Even though the music industry, rock music and radio management are dominated by men, she doesn't feel discriminated against. "I don't feel like I've run into barriers too much. I always knew what I wanted to do. I knew what I had to do and I focused on that, she says. But she admits that she is one of the few female music geeks who also happens to manage an independent radio station.

WLUW may not have the frequency of an XRT, a GCI or even a WBEZ, Chicago's public radio station, but it has a hold on Shawn's heart. "This is my dream job,' she says with her blue eyes glistening and her hands gesturing at her uncoordinated office furniture and her walls covered in band posters. "Even when I was working in Lafayette [Indiana] in my first job, I knew that if someone gave me a radio station and let me decide the programming it would be a great radio station, and here I am.'

WLUW is a non-profit community radio station, and not just because its low wattage antenna limits how far its signal can reach. Until a year ago it was owned and run by Loyola University, part of the Jesuit college's long-standing mission of social justice outreach.

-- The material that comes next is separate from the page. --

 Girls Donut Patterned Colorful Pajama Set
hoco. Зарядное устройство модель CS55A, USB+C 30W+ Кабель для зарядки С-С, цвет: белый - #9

Budget constraint in a tight economy forced the university to find ways to cut the budget. Eliminating the student radio station seemed an easy way to soften their budget blow. In November 2001 the WLUW staff learned that the station was on the chopping block.

"We weren't told anything -- we were basically out of the loop,' Shawn says. "We were told that wasn't our business. We were only employees, we weren't management.'

They began to hear rumors that WBEZ was the "outside entity' interested in buying the station. "We were really scared. We though that BEZ wanted the frequency, that they wanted to put their programming on, that they wanted to do a frequency that was all jazz and keep 91.5 all talk.'

These rumors, combined with university officials' waffling on whether WBEZ was their "negotiating partner,' made the staff and volunteers afraid that the community, the fans, the hard work they'd invested in WLUW would be flushed away. But Torey Malatia, the general manager of WBEZ, set their minds at ease by meeting in person with the staff and with Friends of WLUW, a community group that formed to voice their concerns and fight to keep the station from disappearing or changing.

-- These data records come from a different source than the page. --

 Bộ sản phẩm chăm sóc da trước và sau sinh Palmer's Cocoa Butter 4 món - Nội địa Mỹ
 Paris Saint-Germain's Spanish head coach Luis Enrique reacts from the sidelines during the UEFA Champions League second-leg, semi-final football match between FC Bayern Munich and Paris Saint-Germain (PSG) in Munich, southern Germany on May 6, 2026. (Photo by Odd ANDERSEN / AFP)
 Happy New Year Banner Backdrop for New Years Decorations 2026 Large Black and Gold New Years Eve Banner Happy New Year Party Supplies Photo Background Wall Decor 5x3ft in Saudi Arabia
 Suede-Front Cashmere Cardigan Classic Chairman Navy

Malatia assured them that WBEZ wasn't going to change the programming. "He said, 'Your signal is good for what you guys do, you're good as community radio.' Torey put in WBEZ's newsletter that they wouldn't fire us and they wouldn't mess with programming. It was really reassuring.'

Shawn's office has a ground-floor view of Lake Michigan and is just down the hallway from the women's studies department in Loyola's Damen Hall. The university still owns the station license and provides rent-free space for the studios, but they no longer have control over content or management decisions.

Aside from offering fundraising support, education and volunteers, WBEZ's current interaction with the station is invisible. "The relationship has been nothing but positive. We couldn't be happier with how things have worked out. Virtually nothing has changed -- we aired basketball programs before, but we don't now. Chicago Public Radio is on my paycheck rather than Loyola University, but that's it. And it's nice to work with people who understand radio.'

Under their operating agreement, WBEZ and Loyola split any budget deficits that arise during WLUW's first three years as an independent station, with WBEZ picking up all deficits thereafter. WLUW was $2,000 shy of their first year's goal of $150,000 -- a number that frightened the staff, which had never done a fundraiser before. "We thought $20,000 was really daunting when we were putting together the first pledge drive.' Shawn hopes their next pledge drive in February will provide at least one third of their annual operating budget, which means they'll have to rely on grant writing and at least 11other fundraising events planned for the next year to help raise the other two-thirds. They have several benefit concerts and holiday sing-alongs planned in addition to the annual WLUW Record Fair, an event that brings together used vinyl dealers, local record labels and small local businesses.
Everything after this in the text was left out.